So is your camera still set on AUTO? YES, then it’s time to make that next move into the amazing world of photography by just simply turning the dial round to (A) Aperture Priority.
Ok, I’ve done that you might say now what does it do? Aperture Priority basically allows you to control the amount of light which gets through your camera’s lens and therefore captured by the image sensor within the body of the camera. The amount of light is controlled by a function known as F/stops, and the range of f/stops will all depend on the lens you have fitted, kit lens normally range from around f/4.5 – f/22 with the more expensive lens starting at least say f/1.2 So which number does what?
The thing to remember here is the lower the f/ Stop number the more light the camera will let in, the higher the f/Stop number the less light the camera lets in.
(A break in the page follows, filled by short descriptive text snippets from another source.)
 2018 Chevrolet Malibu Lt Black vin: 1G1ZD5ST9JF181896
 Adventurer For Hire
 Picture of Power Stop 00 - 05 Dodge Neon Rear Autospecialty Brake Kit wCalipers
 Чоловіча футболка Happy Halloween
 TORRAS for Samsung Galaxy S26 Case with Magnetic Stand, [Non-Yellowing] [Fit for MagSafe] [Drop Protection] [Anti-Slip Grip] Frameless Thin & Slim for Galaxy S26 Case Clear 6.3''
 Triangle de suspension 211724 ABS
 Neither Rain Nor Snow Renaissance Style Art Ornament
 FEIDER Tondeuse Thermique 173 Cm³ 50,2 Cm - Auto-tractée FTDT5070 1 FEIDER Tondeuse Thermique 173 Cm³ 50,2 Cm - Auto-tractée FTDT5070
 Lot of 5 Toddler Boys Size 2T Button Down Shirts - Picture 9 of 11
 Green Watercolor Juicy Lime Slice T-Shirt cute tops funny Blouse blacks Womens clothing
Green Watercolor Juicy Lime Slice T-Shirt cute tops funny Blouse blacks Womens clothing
So you’re now possibly thinking to technical for me, I’m going to switch back to AUTO and not worry about them. Well please don’t switch back to Auto, Trust me as you start to learn more about using Aperture Priority you will soon see that these f/stops just simply control two things, like I’ve already said the amount of light, and the second thing they do is control the depth of field within the image (will discuss depth of field in a later hints and tips)
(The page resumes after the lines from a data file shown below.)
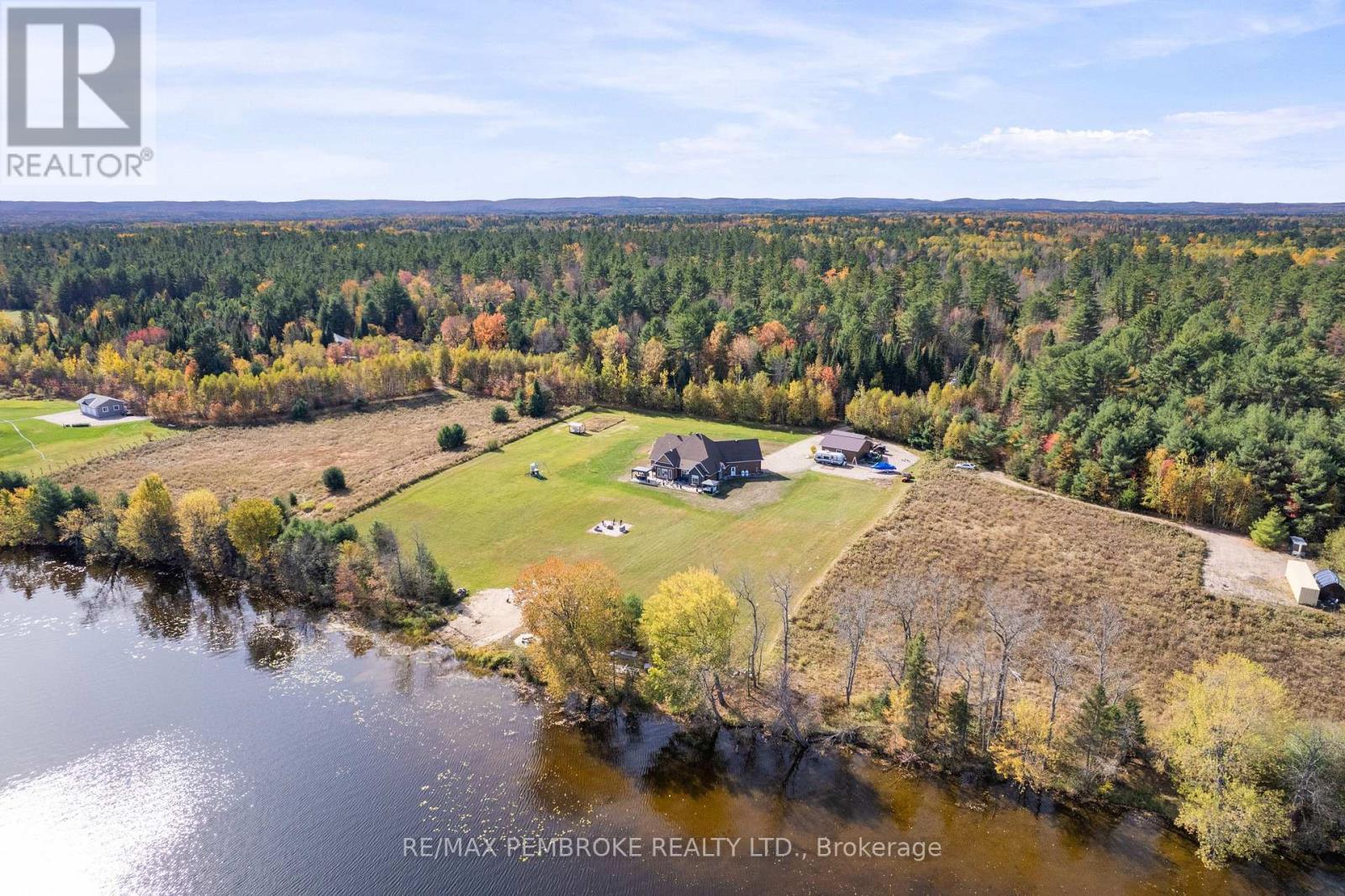 43 Green Gate Lane, North Algona Wilberforce, ON - Outdoor With Body Of Water With View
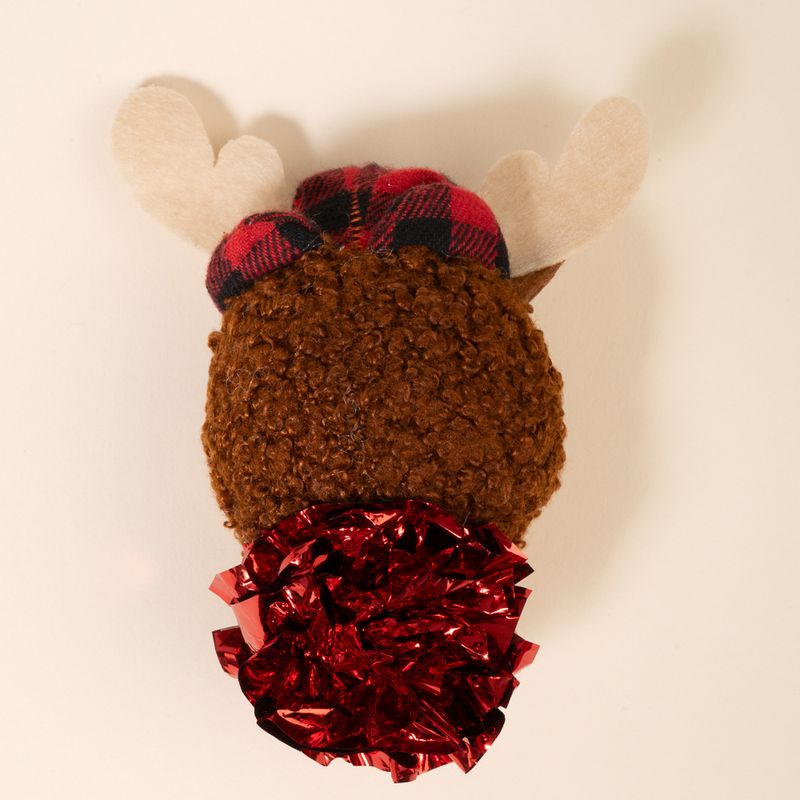 TIAKI Reindeer with Tinsel Ball Cat Toy 1 Toy
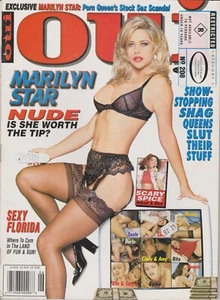 OUI MAGAZINE June 2000 A Playboy Publication complete with center fold - Picture 1 of 2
As you can see by the above image an f/stop of f/9 has allowed in more light than the same image taken below using an f/stop of f/13, The reason for this, is all due to the speed in which the shot was taken. As by using Aperture Priority you are allowing the camera to control the shutter speed, which is great as a beginner because you only have one camera function to think about at this stage.
So hopefully this simple break down into the world of Aperture Priority, will make you think about turning that dial away from Auto and over to (A) give it go, and once you do you will never switch back to AUTO.